AFM1-BSA and anti-AFM1 antibody (by immunisation with AFM1-KLH) were provided by OriGene Technologies, Inc. (9620 Medical Center Drive Suite 200 Rockville, MD 20850 USA). Goat anti-rabbit antibody was purchased from Southern Biotech (Birmingham, USA). Fluorescent microspheres were obtained from Thermo Fisher Scientific (27 Xinjinqiao Road, Pudong New Area, Shanghai, China). NC membrane, water absorbing paper, sample pad, and binding pad were obtained from GE(1 Yongchang North Road, Beijing, China). N-Hydroxysuccinimide (NHS) and 1-Ethyl-3-(3-dimethylaminopropyl)carbodiimide hydrochloride (EDC) were purchased from Sigma-Aldrich Corp. (St. Louis, MO, USA). The HG-98 fluorometer (Excitation wavelength:365 nm,Receiving wavelength:615 nm) was produced independently.

Coating the test strip

Rabbit IgG and AFM1-BSA antigen containing 1% BSA, 0.5% Tween 20, 5% trehalose, and 0.05 mol/L phosphate buffer (adjusted to pH 7.4) was diluted to 0.2 mg/mL with the former and a concentration of 0.8 mg/mL with the latter. 1.25 μ L/cm package is volume, interval 0.5 cm package is on the nitrous acid fibre membrane, 37°C dry after 8 h on the PVC floor, on two sides fixed sample pad (glass fibre membrane) and blotting paper, was 20% humidity, incised into a 0.4 cm wide strip, Into the shell, and stored at 4°C(Figure 1).

Figure 1. Test strip.

During coating, we found some conditions can affect the testing results such as the concentration, the dying time and so on. During we screened them, the concentration of AFM1-BSA was from 0.1 to 1.0 mg/mL, the drying time was from2 h to 12 h and the room humidity was from 20% to 40%(Figures 2–4).

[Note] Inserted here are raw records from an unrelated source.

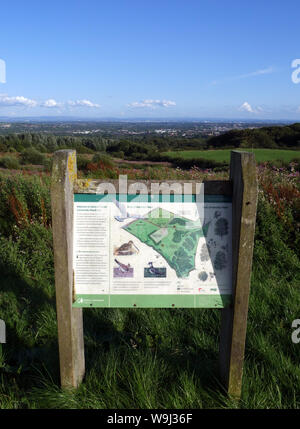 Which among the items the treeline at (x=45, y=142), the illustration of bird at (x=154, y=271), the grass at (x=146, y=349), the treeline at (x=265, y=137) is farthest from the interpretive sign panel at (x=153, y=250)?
the treeline at (x=45, y=142)

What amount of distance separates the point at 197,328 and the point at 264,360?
0.64 meters

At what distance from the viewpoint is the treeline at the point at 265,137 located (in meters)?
21.7

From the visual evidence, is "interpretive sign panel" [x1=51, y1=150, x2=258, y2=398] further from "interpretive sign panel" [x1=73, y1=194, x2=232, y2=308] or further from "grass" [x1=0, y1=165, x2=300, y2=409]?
"grass" [x1=0, y1=165, x2=300, y2=409]

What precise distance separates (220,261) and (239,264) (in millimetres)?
144

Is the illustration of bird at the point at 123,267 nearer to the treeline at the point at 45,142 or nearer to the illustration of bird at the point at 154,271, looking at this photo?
the illustration of bird at the point at 154,271

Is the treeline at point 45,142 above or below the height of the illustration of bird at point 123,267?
above

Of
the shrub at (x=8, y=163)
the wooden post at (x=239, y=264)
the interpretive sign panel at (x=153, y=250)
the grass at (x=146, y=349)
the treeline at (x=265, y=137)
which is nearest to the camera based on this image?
the wooden post at (x=239, y=264)

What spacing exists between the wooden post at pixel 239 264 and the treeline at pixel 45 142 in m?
21.3

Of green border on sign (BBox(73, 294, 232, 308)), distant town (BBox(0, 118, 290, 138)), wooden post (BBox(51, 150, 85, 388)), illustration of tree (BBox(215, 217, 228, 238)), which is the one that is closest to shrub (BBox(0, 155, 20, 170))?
distant town (BBox(0, 118, 290, 138))

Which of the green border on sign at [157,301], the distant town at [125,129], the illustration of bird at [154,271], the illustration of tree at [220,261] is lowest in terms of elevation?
the green border on sign at [157,301]

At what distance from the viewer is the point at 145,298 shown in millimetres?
1987

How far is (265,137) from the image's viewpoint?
890 inches

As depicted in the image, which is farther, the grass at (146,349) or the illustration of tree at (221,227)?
the grass at (146,349) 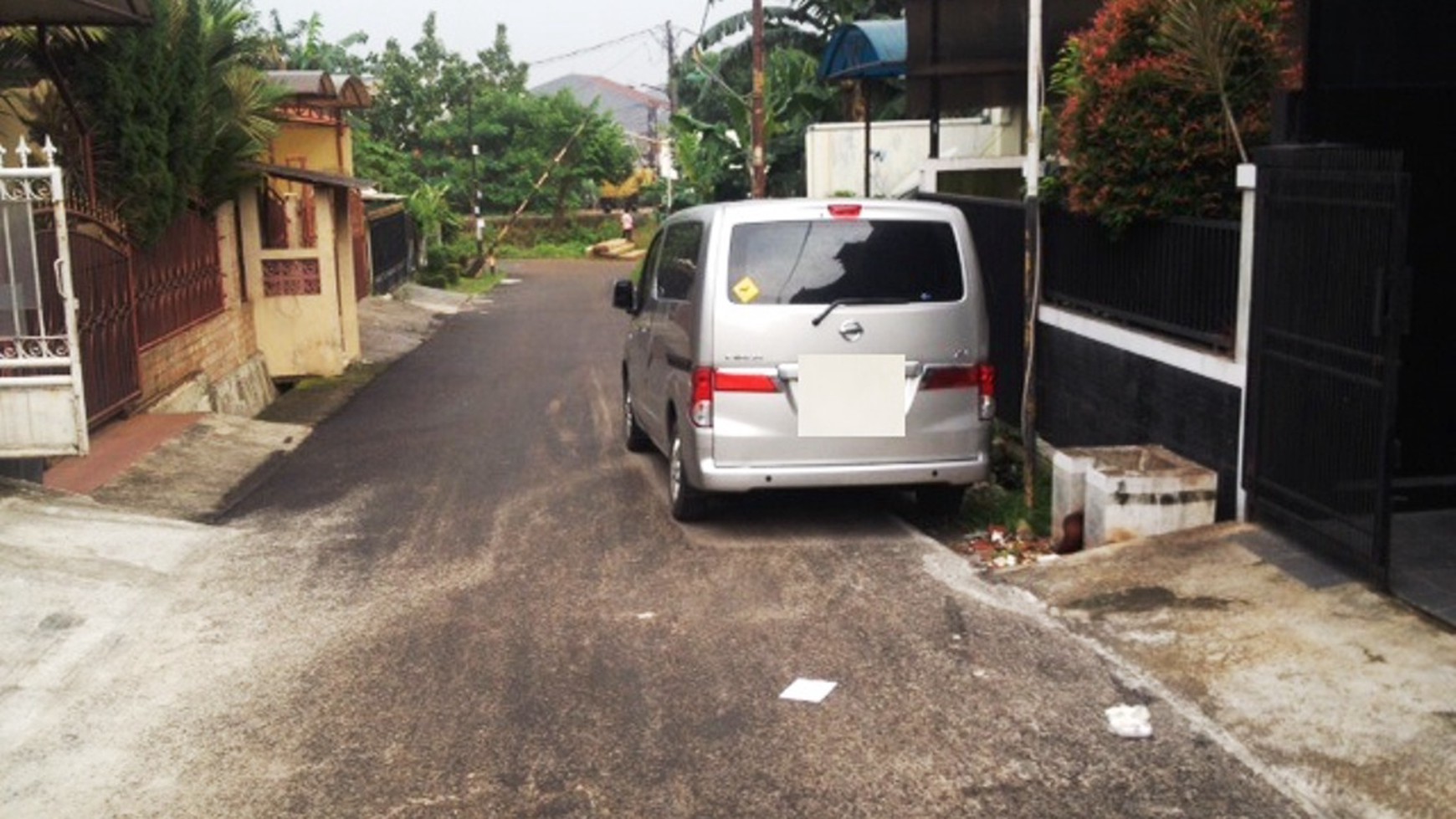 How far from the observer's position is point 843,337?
8578 millimetres

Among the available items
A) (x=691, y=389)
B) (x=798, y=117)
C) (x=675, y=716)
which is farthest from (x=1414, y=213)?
(x=798, y=117)

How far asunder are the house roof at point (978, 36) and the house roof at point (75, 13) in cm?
764

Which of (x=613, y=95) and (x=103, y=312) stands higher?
(x=613, y=95)

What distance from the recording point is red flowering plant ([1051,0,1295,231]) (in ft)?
28.3

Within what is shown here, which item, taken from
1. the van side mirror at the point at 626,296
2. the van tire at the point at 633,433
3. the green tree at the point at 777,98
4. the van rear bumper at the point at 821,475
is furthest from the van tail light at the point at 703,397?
the green tree at the point at 777,98

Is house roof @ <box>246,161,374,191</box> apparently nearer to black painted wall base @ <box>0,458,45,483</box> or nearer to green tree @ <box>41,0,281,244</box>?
green tree @ <box>41,0,281,244</box>

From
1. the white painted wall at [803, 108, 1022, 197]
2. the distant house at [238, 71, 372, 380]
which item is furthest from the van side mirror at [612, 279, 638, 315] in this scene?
the white painted wall at [803, 108, 1022, 197]

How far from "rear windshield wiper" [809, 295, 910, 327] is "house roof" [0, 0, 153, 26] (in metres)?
6.10

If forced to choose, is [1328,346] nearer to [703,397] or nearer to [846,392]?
[846,392]

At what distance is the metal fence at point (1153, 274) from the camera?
816 cm

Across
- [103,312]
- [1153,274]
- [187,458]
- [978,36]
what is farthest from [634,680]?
[978,36]

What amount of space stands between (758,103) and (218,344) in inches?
432

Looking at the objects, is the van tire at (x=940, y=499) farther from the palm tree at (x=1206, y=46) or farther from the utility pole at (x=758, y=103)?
the utility pole at (x=758, y=103)

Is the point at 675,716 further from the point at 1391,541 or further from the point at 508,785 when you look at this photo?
the point at 1391,541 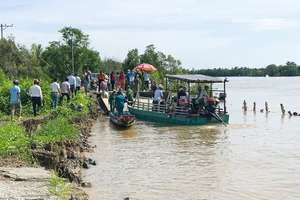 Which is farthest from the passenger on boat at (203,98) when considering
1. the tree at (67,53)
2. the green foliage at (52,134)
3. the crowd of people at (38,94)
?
the tree at (67,53)

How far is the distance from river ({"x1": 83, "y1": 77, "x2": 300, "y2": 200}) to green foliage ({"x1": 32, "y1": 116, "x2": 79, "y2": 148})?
106 centimetres

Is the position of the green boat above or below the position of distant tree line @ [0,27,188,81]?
below

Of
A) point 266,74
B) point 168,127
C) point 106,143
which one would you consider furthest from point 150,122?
point 266,74

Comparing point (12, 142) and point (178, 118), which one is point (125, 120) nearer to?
point (178, 118)

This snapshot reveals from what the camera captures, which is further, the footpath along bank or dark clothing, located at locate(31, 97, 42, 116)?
dark clothing, located at locate(31, 97, 42, 116)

Figure 2. The influence of AFM1-BSA coated amount.

Figure 3. The influence of drying time.

Figure 4. The infuence of room humidity.

Tracer production

Carboxyl fluorescent microspheres (1 mL) were washed with 0.02 mol/L 2-(n-morpholino)ethanesulfonic acid buffer (MES) (pH 6.0) and added to 5 mg NHS and 10 mg EDC. After mixing, the reaction was conducted at 25°C in the dark for 27 min. The mixture was washed with 0.05 mol/L phosphate buffer solution (pH 7.4), then 0.6 μg anti-AFM1 antibody or goat anti-rabbit antibody was added. After reacting at 25°C in the dark for 4 h, 0.05 mol/L phosphate buffer solution (pH 7.4) containing 10% glycine was added to continue the reaction for 1 h. The mixture was washed with 0.05 mol/L phosphate buffer (pH 7.4) containing 1% BSA, 5% sucrose, and 0.1% proclin-300, then the volume was adjusted to 5 mL and the mixture was stored at 4°C (Figure 5).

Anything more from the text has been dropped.